Rechtspraak
Bij besluit van 9 augustus 1995 trekt UWV de eerder aan appellant toegekende uitkeringen ingevolge de Algemene Arbeidsongeschiktheidswet (AAW) en de Wet op de arbeidsongeschiktheidsverzekering (WAO) met ingang van 28 september 1995 in, omdat de mate van arbeidsongeschiktheid van appellant per die datum minder dan 15% bedroeg. Dit besluit staat in rechte vast. Bij brief van 24 april 2014 verzoekt appellant UWV om hem in aanmerking te brengen voor een arbeidsongeschiktheidsuitkering. Appellant brengt een brief in van 2 januari 2014, waarin neurochirurg dr. R.J. Smedema schrijft dat de klachten van appellant wel in de puberteit kunnen ontstaan en dat het beeld van spondylolisthese op basis van lysis bij appellant blijkbaar jarenlang niet is onderkend.
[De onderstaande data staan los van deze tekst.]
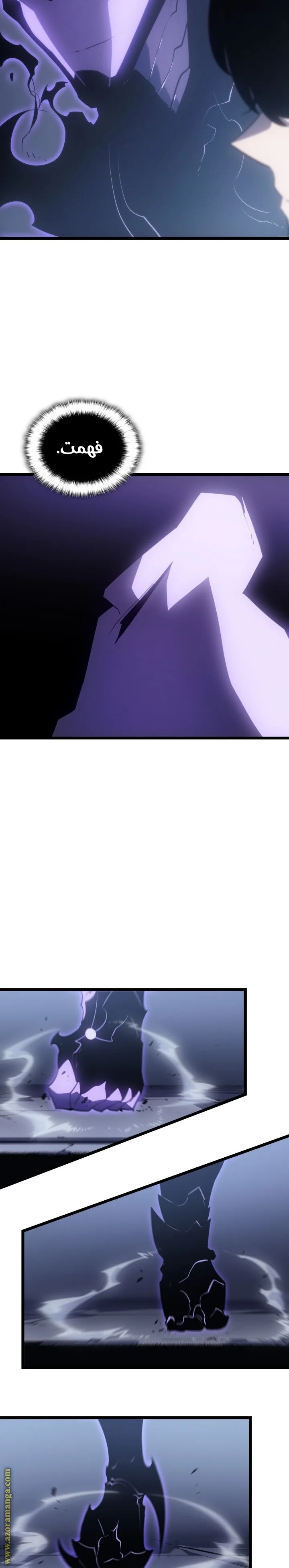 الصفحة 17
Smedema schrijft dat de rugklachten van appellant na een lumbale spondylodese operatie geheel zijn verdwenen. UWV merkt deze aanvraag aan als een verzoek om terug te komen van het besluit van 9 augustus 1995. Dit verzoek is bij besluit van 4 juli 2014 afgewezen. UWV stelt zich daarbij − onder verwijzing naar een rapport van de verzekeringsarts van 3 juni 2014 − op het standpunt dat niet is gebleken dat er nieuwe feiten of omstandigheden zijn die ertoe leiden dat het besluit van 9 augustus 1995 onjuist zou zijn. Het bezwaar en beroep worden ongegrond verklaard.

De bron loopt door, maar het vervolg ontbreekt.